Bar. Show boob. Just one. Free drinks. Instant friends
Guys only need one. Little known secret. You're welcome.
I found your dream girl. She looked 11 but drove and on her key chain it said "if i am not wasted the day is"
I drank gravy. I actually drank gravy. This is heaven.
he told me that if i wanted to smoke he could make a piece out of my shoe. were keeking this kid around
I threw up red last night... I wanted to pinch myself because it wasn't green.
i had to pay fifty dollars for throwing up in the limo, 60 fucking dollars to throw up all over myself
If I had a penis, I would stick it EVERYWHERE. I don't know what these guys are doing.
The thing is that despite the high paying career and the increased responsibility, my life hasn't changed that much. Only instead of blacking out on $2 wells at some dive I blackout on top shelf martinis in a suit. Oh and only on Fri & Sat nights. Being 30 doesn't suck as bad as everyone led me to believe.
You said something about how beautiful my pockets were, then walked away.
Yes talking about pockets is classic me.
My phone keeps autocorrecting to the "st.
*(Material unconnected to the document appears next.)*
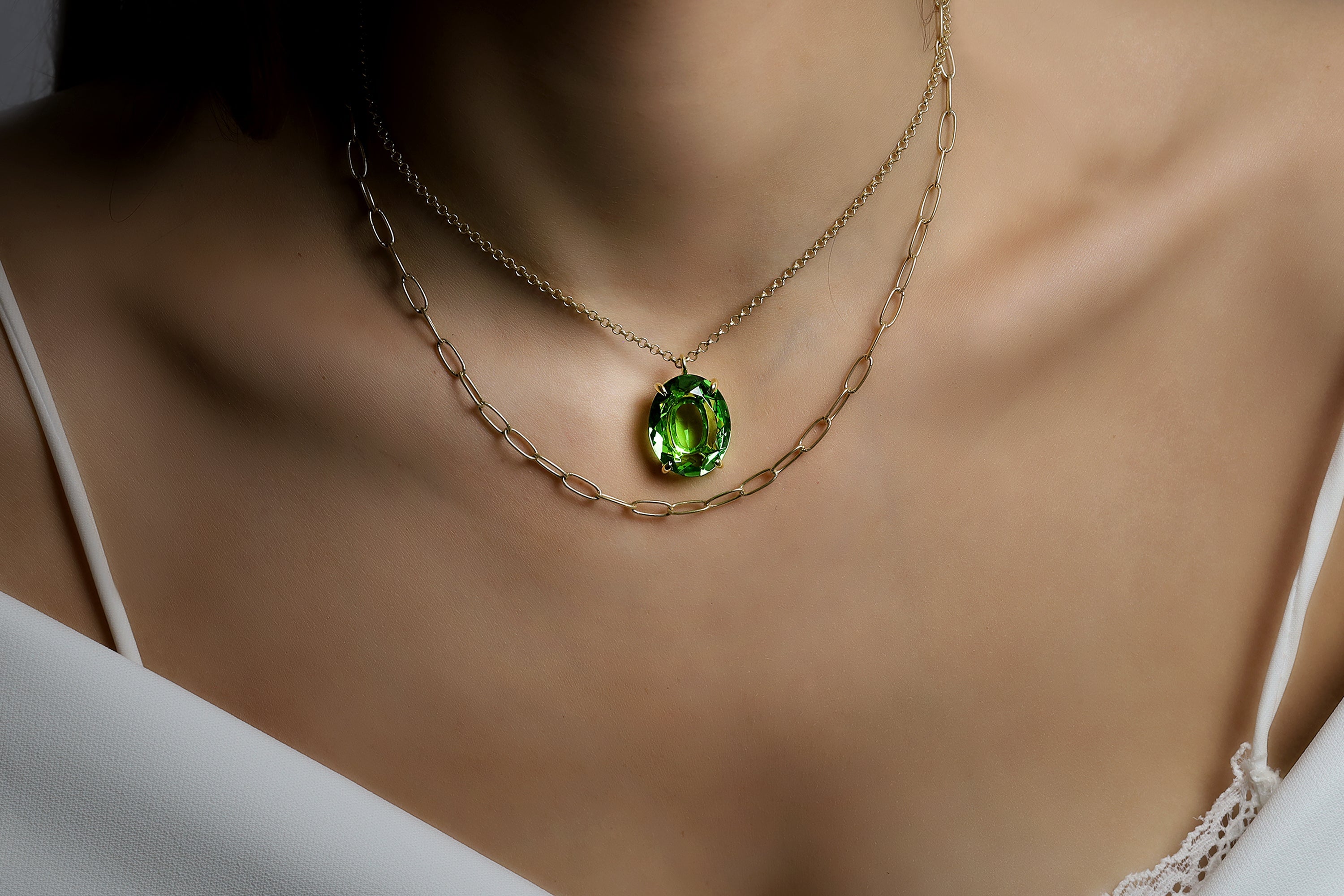 14k Gold Filled Oval Cut Green Tourmaline Necklace necklaces Anemone Jewelry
Natty's Day Parade" and I'm completely okay with that
I'm working on a search warrant...can u pick up box of Chardonnay...I'll give u cash when u get here...
Yea... I love that ur a prosecutor and drink box wine
You tried to wave to Meg on Family Guy and got upset because she wasn't waving back
Waking up next to a guy you don't remember going home with and the first thing you say is: where is my tiara? = successful birthday
Officially the best daughter ever. I just restocked my parents alcohol that I stole last night AND ADDED TO IT
My boss's toddler just went through my bag and found your vibrator...you owe me a drink.